O palco principal, na avenida Dr. Silvio de Campos, recebe o nome de Valenças, que é o mesmo nome da escola de samba do bairro. 

“Envolver os artistas e moradoras à celebração de aniversário do bairro cria um sentimento de pertencimento e é também um exercício de cidadania com as pessoas que moram e contribuem para o avanço do nosso território”, aponta Juliana Sete, 35, MC, produtora musical e parte do Mapp. 

PROGRAMAÇÃO

Na noite de sexta-feira (20), haverá a abertura do evento, com vídeos e performances que trazem o lema do festival “a periferia é o centro”, na Praça Sales, conhecida como rua da feira da estação Perus.

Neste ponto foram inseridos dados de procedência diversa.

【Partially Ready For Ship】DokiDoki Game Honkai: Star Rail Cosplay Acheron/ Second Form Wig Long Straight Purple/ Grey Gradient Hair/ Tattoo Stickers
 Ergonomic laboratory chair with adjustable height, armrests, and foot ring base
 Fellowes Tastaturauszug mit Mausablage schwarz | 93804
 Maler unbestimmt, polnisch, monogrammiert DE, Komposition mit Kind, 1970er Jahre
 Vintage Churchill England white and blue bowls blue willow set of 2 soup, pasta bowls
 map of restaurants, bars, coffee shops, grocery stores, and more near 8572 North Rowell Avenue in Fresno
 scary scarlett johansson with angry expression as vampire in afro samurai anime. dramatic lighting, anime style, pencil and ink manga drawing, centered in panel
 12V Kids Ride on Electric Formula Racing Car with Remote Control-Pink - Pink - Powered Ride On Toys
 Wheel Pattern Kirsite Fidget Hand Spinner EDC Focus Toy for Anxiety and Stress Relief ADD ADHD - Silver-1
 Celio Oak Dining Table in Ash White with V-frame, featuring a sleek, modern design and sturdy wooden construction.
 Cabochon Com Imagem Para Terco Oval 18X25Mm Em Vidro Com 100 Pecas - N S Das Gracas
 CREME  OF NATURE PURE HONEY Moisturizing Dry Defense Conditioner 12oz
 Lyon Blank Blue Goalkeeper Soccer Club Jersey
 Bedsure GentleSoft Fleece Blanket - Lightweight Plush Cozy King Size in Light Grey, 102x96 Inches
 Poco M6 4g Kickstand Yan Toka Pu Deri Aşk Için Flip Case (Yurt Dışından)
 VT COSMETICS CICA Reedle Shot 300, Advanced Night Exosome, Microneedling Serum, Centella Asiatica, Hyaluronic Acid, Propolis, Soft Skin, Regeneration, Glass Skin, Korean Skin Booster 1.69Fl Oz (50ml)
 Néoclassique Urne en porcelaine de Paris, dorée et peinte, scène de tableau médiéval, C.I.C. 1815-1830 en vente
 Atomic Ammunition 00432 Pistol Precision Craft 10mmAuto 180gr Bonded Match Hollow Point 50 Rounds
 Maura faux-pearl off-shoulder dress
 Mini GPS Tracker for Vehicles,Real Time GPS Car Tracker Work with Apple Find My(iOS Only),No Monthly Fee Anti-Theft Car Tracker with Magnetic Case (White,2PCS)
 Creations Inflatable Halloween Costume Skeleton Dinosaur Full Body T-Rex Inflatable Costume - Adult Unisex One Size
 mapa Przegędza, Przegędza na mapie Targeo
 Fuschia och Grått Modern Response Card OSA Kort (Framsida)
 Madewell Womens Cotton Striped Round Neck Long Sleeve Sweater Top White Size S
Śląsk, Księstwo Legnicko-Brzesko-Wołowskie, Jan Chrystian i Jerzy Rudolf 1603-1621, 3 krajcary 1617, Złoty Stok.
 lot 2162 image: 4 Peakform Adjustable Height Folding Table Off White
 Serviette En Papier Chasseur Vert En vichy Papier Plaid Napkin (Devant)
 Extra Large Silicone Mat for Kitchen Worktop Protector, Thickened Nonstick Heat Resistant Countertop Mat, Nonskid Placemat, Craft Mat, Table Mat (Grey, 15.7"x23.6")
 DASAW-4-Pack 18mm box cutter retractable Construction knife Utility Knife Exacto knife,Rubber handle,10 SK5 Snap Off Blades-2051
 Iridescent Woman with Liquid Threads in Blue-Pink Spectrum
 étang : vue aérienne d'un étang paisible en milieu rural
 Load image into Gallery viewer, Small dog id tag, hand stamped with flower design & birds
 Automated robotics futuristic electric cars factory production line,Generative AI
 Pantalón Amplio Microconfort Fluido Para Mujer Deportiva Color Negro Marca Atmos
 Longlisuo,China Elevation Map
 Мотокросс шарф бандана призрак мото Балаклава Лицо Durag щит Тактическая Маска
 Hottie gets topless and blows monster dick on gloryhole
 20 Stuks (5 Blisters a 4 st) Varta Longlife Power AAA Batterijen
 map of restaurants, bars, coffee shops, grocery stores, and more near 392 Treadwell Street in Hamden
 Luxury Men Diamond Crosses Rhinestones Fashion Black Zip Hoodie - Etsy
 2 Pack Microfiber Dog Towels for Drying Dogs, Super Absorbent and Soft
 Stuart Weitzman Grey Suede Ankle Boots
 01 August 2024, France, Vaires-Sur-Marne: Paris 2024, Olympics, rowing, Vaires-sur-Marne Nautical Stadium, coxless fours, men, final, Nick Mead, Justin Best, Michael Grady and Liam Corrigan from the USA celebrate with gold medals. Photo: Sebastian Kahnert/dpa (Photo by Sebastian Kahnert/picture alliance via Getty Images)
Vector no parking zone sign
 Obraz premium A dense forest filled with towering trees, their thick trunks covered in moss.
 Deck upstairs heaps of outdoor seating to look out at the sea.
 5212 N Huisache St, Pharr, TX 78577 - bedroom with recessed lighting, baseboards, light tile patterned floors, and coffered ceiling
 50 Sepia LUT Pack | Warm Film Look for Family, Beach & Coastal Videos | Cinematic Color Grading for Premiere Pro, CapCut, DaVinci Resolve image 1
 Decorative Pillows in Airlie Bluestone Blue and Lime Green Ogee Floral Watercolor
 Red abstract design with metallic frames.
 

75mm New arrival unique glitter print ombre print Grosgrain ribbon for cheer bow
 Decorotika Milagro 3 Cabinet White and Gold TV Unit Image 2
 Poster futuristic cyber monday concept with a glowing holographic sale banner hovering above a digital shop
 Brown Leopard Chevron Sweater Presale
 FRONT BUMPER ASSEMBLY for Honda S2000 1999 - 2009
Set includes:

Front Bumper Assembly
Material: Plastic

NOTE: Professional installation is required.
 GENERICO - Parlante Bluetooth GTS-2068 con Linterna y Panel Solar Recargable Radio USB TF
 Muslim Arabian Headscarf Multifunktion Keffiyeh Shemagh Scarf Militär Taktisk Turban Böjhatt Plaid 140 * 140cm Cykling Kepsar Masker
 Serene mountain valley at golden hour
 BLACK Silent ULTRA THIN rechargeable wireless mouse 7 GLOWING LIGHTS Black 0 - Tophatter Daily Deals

No sábado (21), das 13h às 21h30, as atrações ficam na Casa Hip Hop Perus, na Rua Julio Maciel, 550, onde também estará concentrada a praça de alimentação. Haverá rap, batalhas de rimas e apresentações de dança das crews. No domingo (22), o encerramento terá apresentações de samba e do MC Neguinho da Kaxeta. A programação completa está na página do Mupope.

Paralelamente à programação, haverá ações organizadas pela Subprefeitura de Perus, que divide o palco da Av. Dr. Silvio de Campos com atrações como Rodriguinho, ex-Travesso, Fundo de Quintal e Sula Miranda.